Laurent Hasson edited this page Jun 22, 2022 · 1 revision

<-- View Columns

Standard Use Case

When defining a view, one of the most powerful, and most often used, concept is that of aggregates. This is especially important for analytical workloads. The simplest example is to think about an Orders table containing customer orders. A typical design is to have a date, a total amount and a customer id for example. In practice, there would be of course additional fields such as the store where the purchase occurred, and a way to list the individual items purchased. But for the purpose of this example, let's just simplify to look at a main orders table.

orderRefnum dt amt
111 2022-04-05 100.00
112 2022-04-08 150.00
113 2022-04-10 126.00
114 2022-04-16 98.00
115 2022-04-20 300.00
222 2022-05-09 175.00
223 2022-05-10 300.00
224 2022-05-23 265.00

A common task is to use aggregates to simply get the number of orders, total sales and average order amt per month.

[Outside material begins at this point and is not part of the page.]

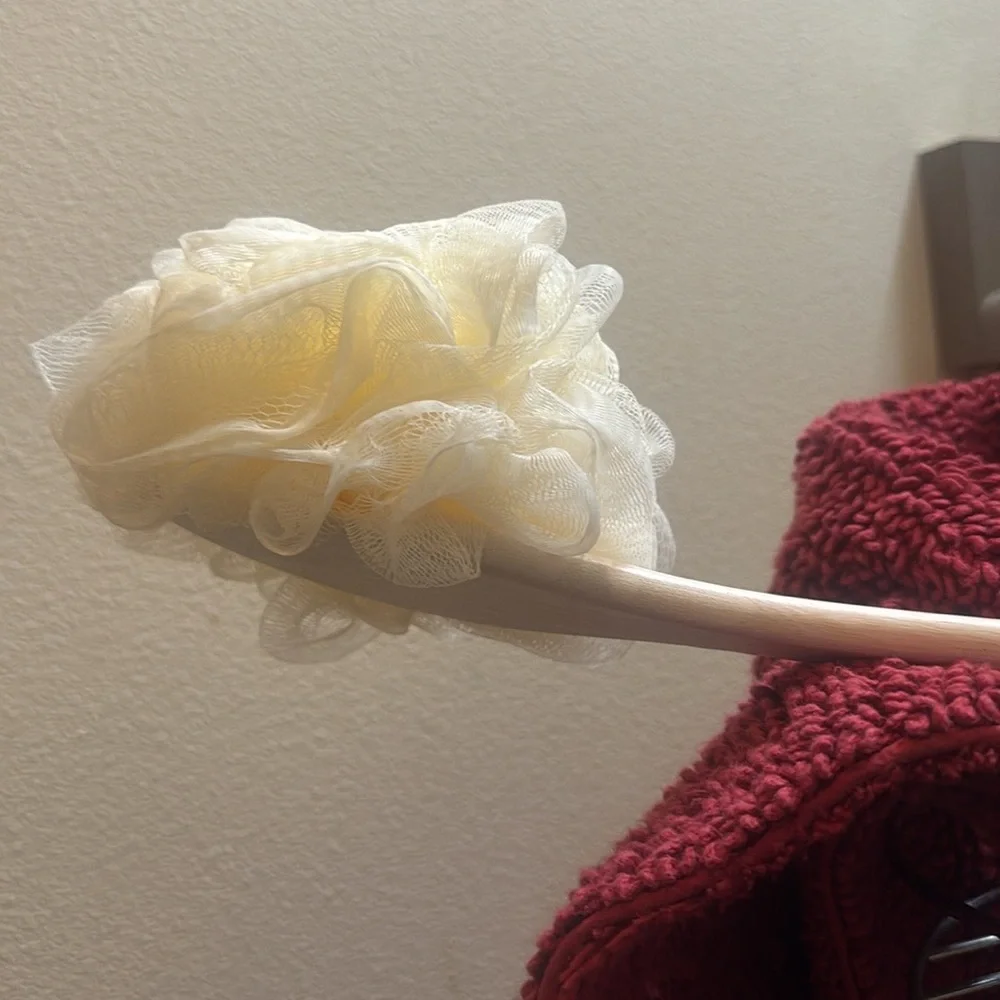 NWT Ecotools luffa extended on(of course) a waterproof wood handle. Eco friendly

select date_trunc('month', dt)::DATE, count(*), sum(amt), avg(amt)
  from Orders
 group by 1 
 order by 1

This will return 2 rows, one per month:

m count sum avg
2022-04 5 774.00 154.80
2022-05 3 740.00 246.67

Aggregate Vs. Window functions

Postgres has a nice write-up here https://www.postgresql.org/docs/current/tutorial-window.html explaining this difference. In very simplistic ways, aggregates group multiple rows together as one final row, whereas window functions take values from multiple rows but flattens those values for every original row.

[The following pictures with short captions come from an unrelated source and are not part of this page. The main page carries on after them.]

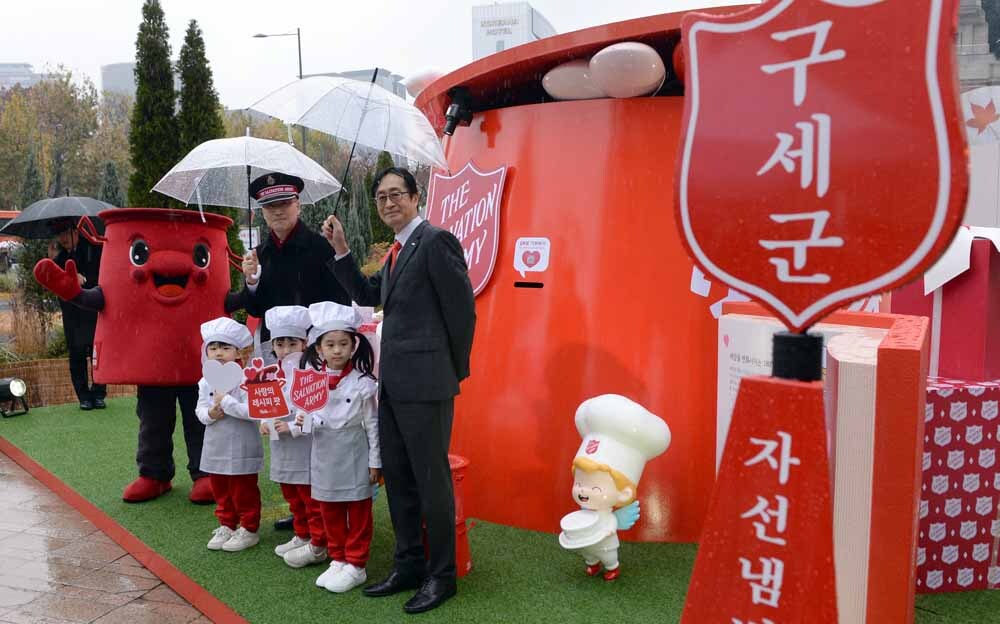 [SW포토]'사랑의 레시피 팟 자선냄비 전달식'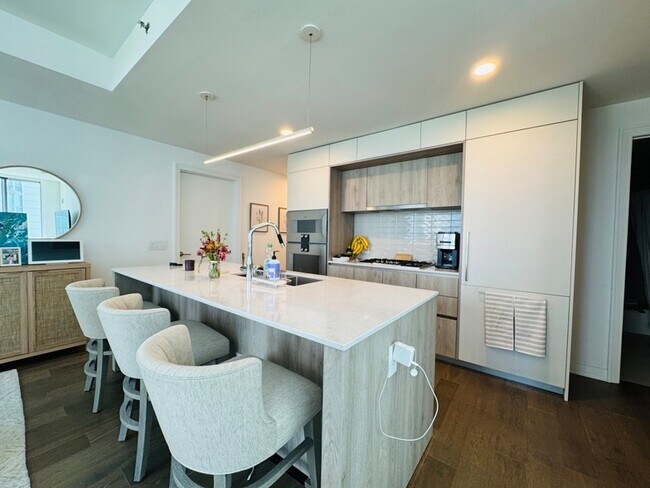 Building Photo - 211 N Harbor Dr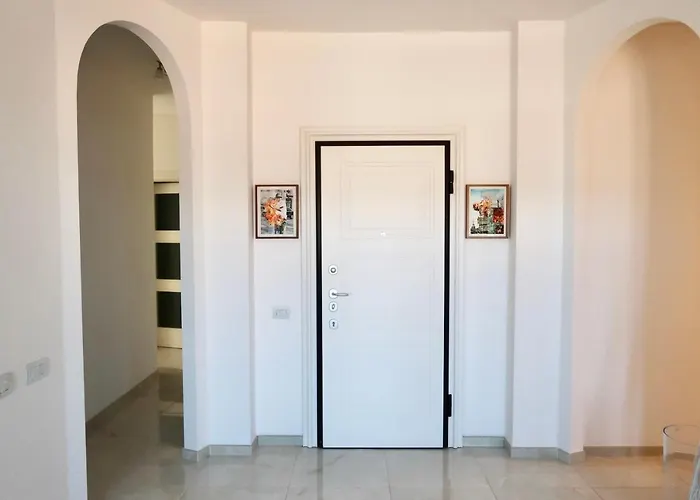 Lux 180sqm Flat - Entire Last Floor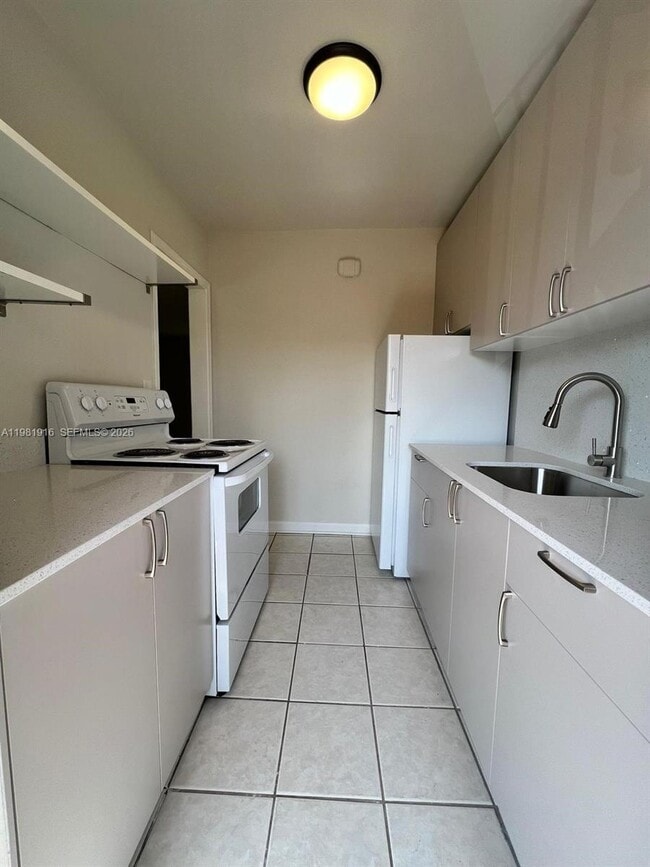 Photo - 2390 SW 22nd St Unidad 4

If you use a window function, it is as if the calculation happened separately and is then added to every row. Contrary to the first "aggregate" example above, let's say we want to be able to see all orders along with the monthly amount average:

select orderRefnum, dt, amt
     , avg(amt) over(partition by date_trunc('month', dt)) month_avg
  from Orders
 order by 2

There is no group by and logically, it's replaced by the "partition by" clause. The results are as follows:

orderRefnum dt amt month_avg
111 2022-04-05 100.00 154.80
112 2022-04-08 150.00 154.80
113 2022-04-10 126.00 154.80
114 2022-04-16 98.00 154.80
115 2022-04-20 300.00 154.80
222 2022-05-09 175.00 246.67
223 2022-05-10 300.00 246.67
224 2022-05-23 265.00 246.67

Tilda Syntax

With Tilda views, you can use aggregate/window functions in simple and powerful ways:

// An aggregate view column
{ "sameAs":"someSchema.SomeTable.someColumnInt" 
 ,"name": "someColumnIntX"
 ,"description":"ColumnInt X blah blah blah"
 ,"aggregate": "SUM"|"AVG"|"MIN"|"FIRST"|"MAX"|"LAST"
              |"DEV"|"VAR"|"COUNT"|"ARRAY"|"ARRAYCAT"
              |"ROW_NUMBER"|"RANK"|"PERCENT_RANK"
              |"LEAD"|"LAG"|"NTH_VALUE"
 ,"orderBy":["col1","col2"]
 ,"partitionBy":["col3","col4"]
 ,"range": "((UNBOUNDED|\\d+|CURRENT)\\s+(PRECEDING|FOLLOWING|ROW))\\s+AND\\s+((UNBOUNDED|\\d+|CURRENT)\\s+(PRECEDING|FOLLOWING|ROW))"
 ,"distinct": true|false
 ,"filter": "\"colA\" > 10"
}

Aggregate and Window functions have been unified syntactically. The way "lag" or "max" are defined is the same, but semantically, they are quite different. In Tilda, a function is interpreted as an aggregates or a window by the following conventions:

  • The functions SUM, AVG, MIN, FIRST, MAX, LAST, DEV, VAR, COUNT, ARRAY and ARRAYCAT are by default normal aggregates.
  • The functions ROW_NUMBER, RANK, PERCENT_RANK, LEAD, LAG and NTH_VALUE are always window functions and will require "partitionBy" to be specified, and optionally, "range".
  • If you specify the "partitionBy" attribute, the function used will always be so as a window function.
  • If you specify the "partitionBy" attribute, the "range" attribute is optional and obviously, you cannot specify a range without a partition.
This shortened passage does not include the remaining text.